**DATASET ENTRIES**
● ● ●
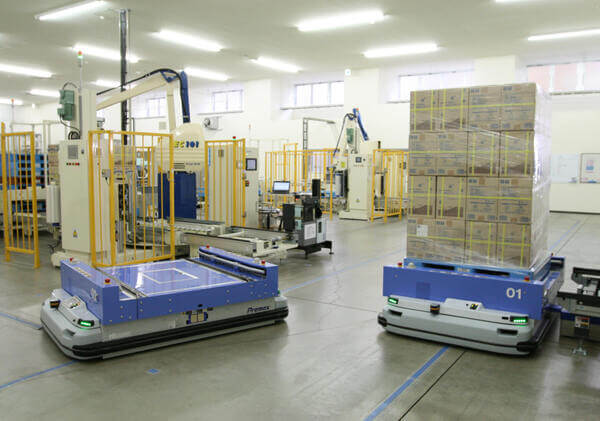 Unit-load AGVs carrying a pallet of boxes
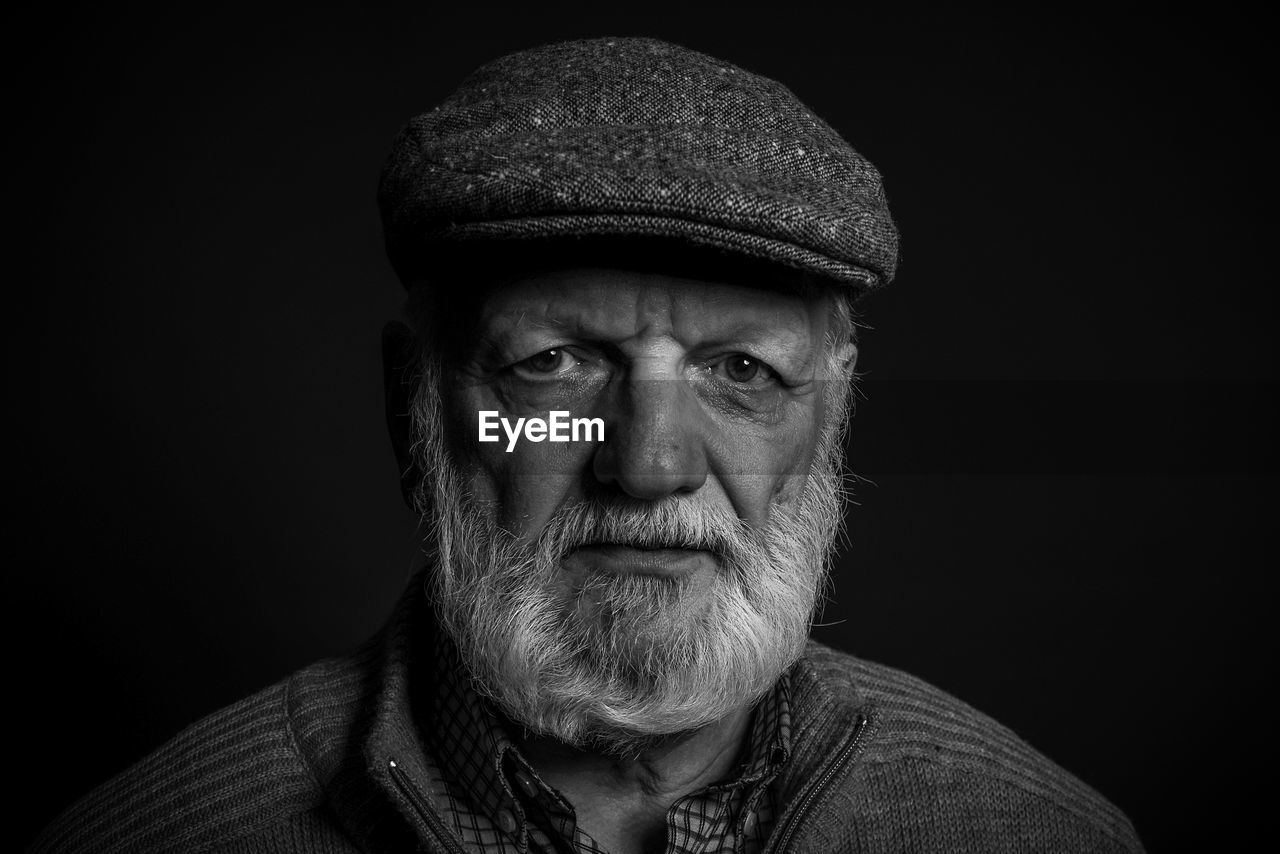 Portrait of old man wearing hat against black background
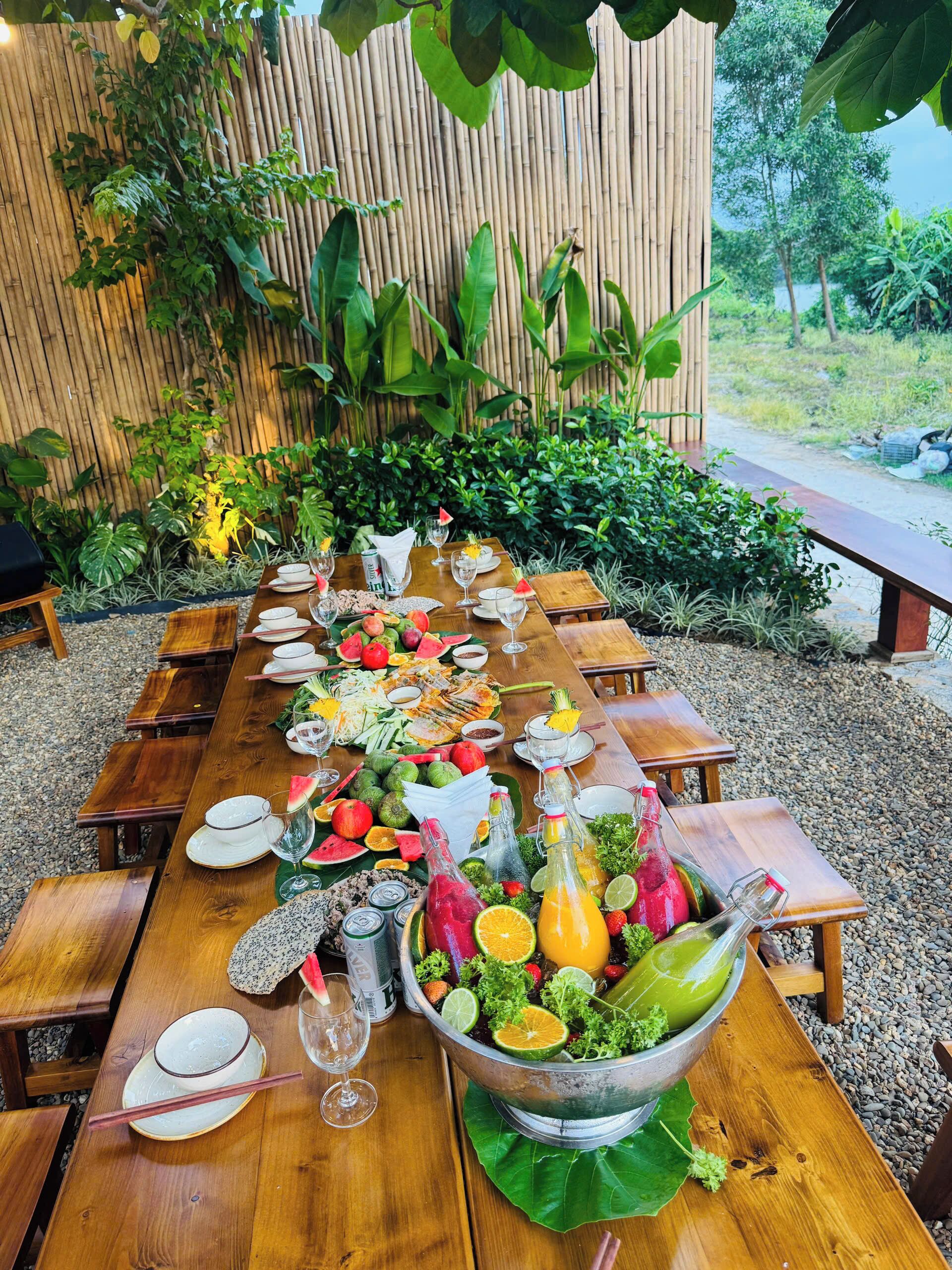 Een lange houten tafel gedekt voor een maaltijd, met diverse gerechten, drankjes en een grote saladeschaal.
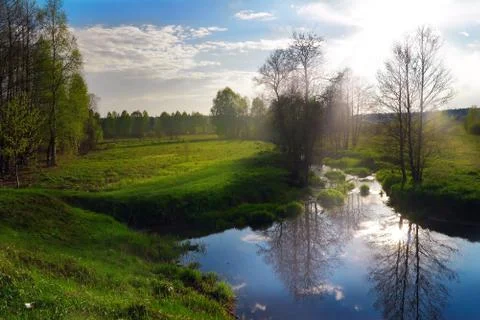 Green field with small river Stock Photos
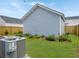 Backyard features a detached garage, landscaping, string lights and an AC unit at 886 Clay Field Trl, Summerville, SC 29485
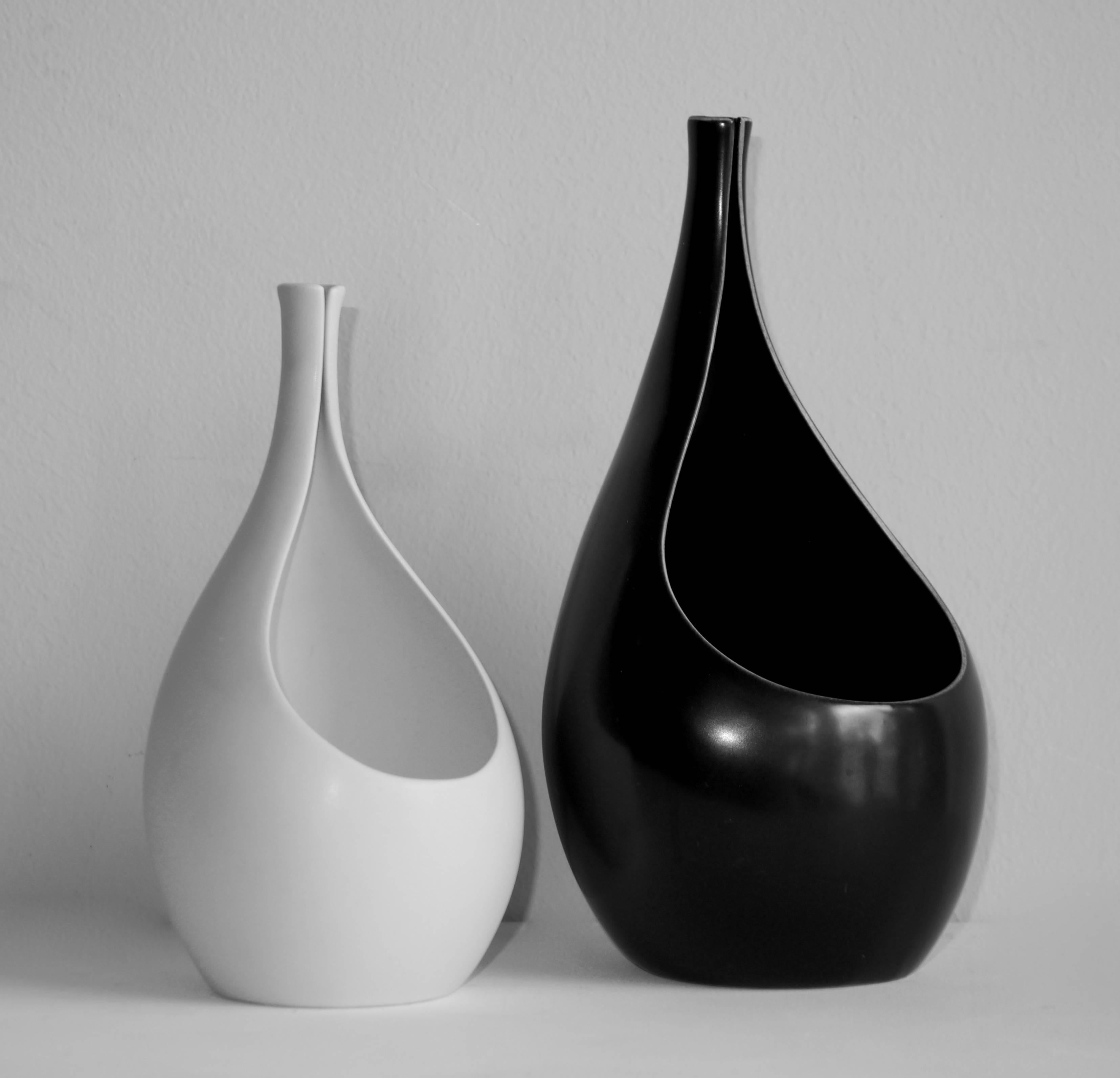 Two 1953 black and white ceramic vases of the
● ● ●
**REQUIRED WORK**
Exactly the lines from the one containing "Green field with small river Stock Photos" through the end of the data above: repeat those, both ends included, and nothing else. Skip the pictures.

**WRITTEN RESPONSE**
 Green field with small river Stock Photos
 Backyard features a detached garage, landscaping, string lights and an AC unit at 886 Clay Field Trl, Summerville, SC 29485
 Two 1953 black and white ceramic vases of the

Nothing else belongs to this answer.